Input data below:

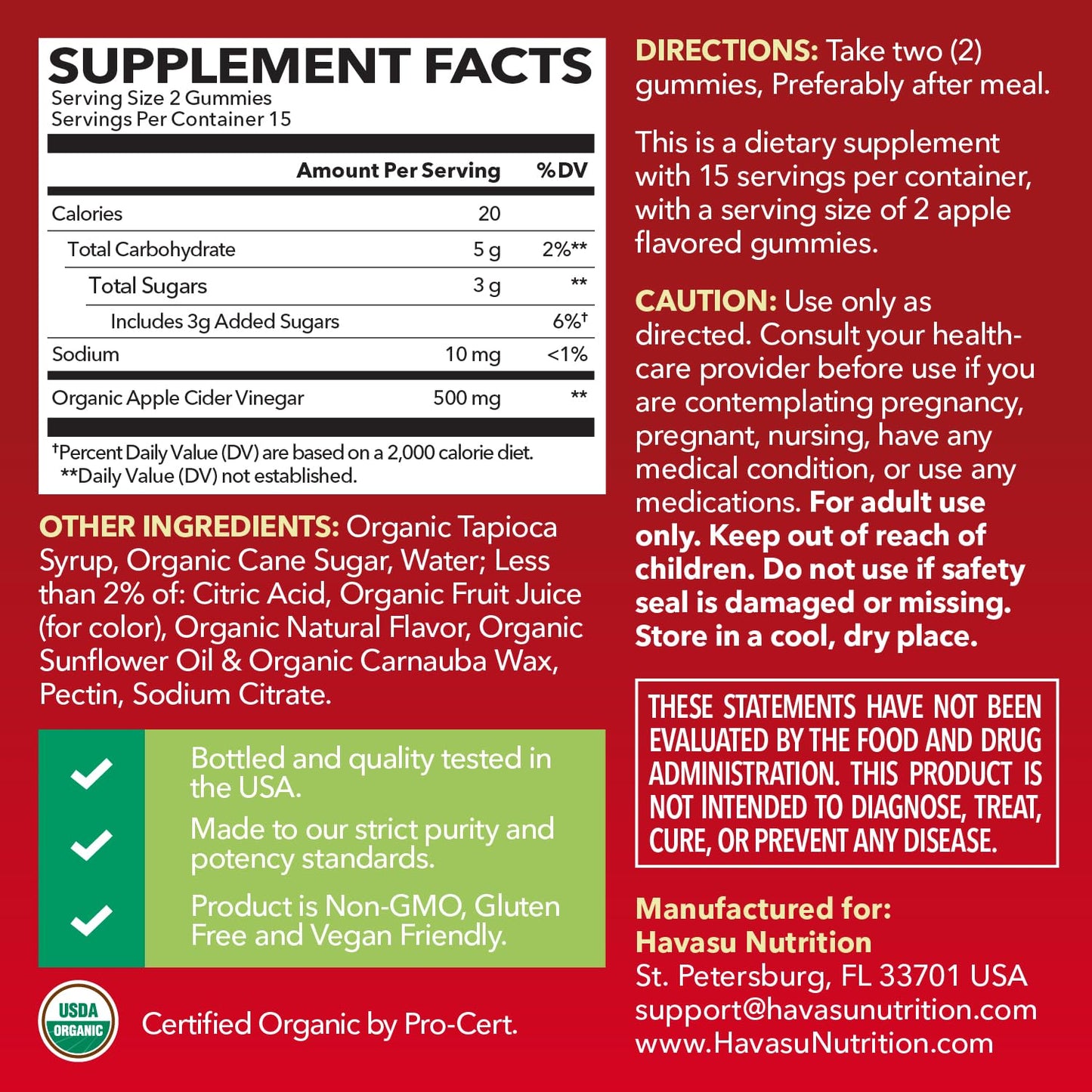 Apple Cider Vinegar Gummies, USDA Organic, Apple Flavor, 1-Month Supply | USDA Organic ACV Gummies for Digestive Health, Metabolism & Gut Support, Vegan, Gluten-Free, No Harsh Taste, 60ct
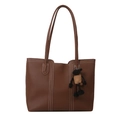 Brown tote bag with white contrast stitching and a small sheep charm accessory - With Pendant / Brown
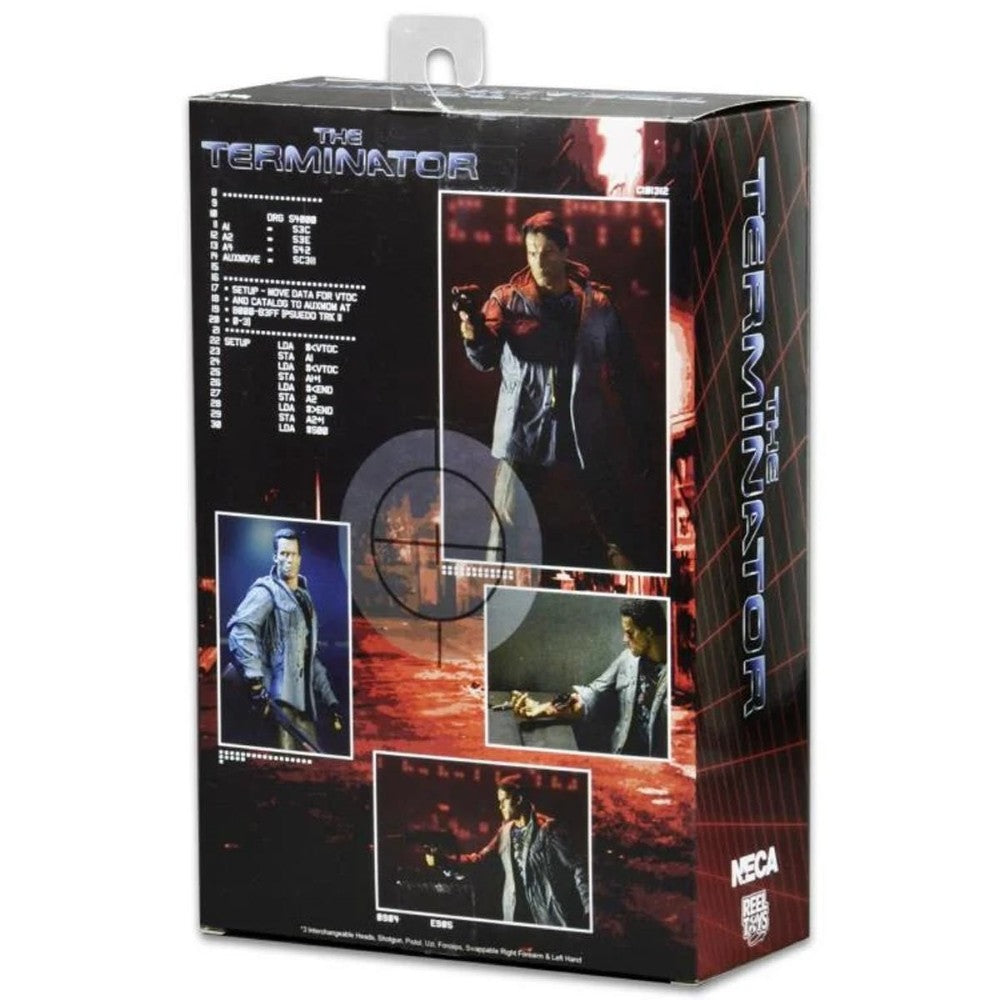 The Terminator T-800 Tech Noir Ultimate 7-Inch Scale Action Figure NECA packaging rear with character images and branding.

End of Input data.

▶ [Problem details]
What is needed is an exact copy of the data, without any pictures.

▶ [The answer]
 Apple Cider Vinegar Gummies, USDA Organic, Apple Flavor, 1-Month Supply | USDA Organic ACV Gummies for Digestive Health, Metabolism & Gut Support, Vegan, Gluten-Free, No Harsh Taste, 60ct
 Brown tote bag with white contrast stitching and a small sheep charm accessory - With Pendant / Brown
 The Terminator T-800 Tech Noir Ultimate 7-Inch Scale Action Figure NECA packaging rear with character images and branding.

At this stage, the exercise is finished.